── The input ──
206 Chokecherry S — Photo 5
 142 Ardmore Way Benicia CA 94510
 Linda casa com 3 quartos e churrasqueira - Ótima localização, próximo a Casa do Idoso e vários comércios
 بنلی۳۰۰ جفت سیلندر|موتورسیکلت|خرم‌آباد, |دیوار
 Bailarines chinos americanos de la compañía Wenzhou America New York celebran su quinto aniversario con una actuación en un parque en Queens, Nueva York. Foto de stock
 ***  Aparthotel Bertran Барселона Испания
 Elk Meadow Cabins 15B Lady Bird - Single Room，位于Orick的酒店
───
● **To do**: Each record must be copied out exactly and in full.

● **Answer for this exercise**:
206 Chokecherry S — Photo 5
 142 Ardmore Way Benicia CA 94510
 Linda casa com 3 quartos e churrasqueira - Ótima localização, próximo a Casa do Idoso e vários comércios
 بنلی۳۰۰ جفت سیلندر|موتورسیکلت|خرم‌آباد, |دیوار
 Bailarines chinos americanos de la compañía Wenzhou America New York celebran su quinto aniversario con una actuación en un parque en Queens, Nueva York. Foto de stock
 ***  Aparthotel Bertran Барселона Испания
 Elk Meadow Cabins 15B Lady Bird - Single Room，位于Orick的酒店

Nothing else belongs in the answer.